Data for this task Block Start

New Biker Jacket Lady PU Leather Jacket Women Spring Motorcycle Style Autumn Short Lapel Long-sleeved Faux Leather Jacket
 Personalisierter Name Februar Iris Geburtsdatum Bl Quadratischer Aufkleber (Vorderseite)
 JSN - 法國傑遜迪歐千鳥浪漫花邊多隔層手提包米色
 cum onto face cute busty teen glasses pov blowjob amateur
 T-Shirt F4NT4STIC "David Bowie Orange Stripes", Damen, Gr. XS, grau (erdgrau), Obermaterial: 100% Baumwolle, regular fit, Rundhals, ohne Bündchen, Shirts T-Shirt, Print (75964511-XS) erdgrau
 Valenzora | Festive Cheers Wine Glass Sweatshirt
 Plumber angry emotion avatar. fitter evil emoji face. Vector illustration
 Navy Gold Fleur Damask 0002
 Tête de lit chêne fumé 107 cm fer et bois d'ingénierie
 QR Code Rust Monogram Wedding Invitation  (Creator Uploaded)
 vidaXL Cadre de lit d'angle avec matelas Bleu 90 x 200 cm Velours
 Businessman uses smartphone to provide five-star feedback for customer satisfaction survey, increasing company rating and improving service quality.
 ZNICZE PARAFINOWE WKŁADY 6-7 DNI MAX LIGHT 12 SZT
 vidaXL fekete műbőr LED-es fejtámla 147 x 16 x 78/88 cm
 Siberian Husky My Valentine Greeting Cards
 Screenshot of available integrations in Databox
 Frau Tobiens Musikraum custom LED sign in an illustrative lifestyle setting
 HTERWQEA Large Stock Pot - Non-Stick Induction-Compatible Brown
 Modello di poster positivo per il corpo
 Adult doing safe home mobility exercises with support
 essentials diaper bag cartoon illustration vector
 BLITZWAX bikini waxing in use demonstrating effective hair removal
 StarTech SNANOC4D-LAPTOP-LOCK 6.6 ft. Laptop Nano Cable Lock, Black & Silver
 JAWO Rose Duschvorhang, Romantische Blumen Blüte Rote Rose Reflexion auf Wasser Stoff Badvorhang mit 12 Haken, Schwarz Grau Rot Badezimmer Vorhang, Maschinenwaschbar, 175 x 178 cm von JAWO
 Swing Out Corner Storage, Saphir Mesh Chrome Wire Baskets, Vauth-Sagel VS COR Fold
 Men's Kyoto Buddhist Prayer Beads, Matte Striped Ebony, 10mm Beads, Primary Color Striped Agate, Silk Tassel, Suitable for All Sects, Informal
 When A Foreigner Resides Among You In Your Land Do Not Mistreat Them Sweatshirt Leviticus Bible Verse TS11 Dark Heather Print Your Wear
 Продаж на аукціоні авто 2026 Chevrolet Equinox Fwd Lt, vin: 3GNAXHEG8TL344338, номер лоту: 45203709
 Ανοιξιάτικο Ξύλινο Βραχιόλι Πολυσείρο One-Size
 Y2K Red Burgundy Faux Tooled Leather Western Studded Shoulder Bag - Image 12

Data for this task Block End

Task brief –
From the records above, pick out and copy each line holding the word "Sweatshirt".

Exercise response –
 Valenzora | Festive Cheers Wine Glass Sweatshirt
 When A Foreigner Resides Among You In Your Land Do Not Mistreat Them Sweatshirt Leviticus Bible Verse TS11 Dark Heather Print Your Wear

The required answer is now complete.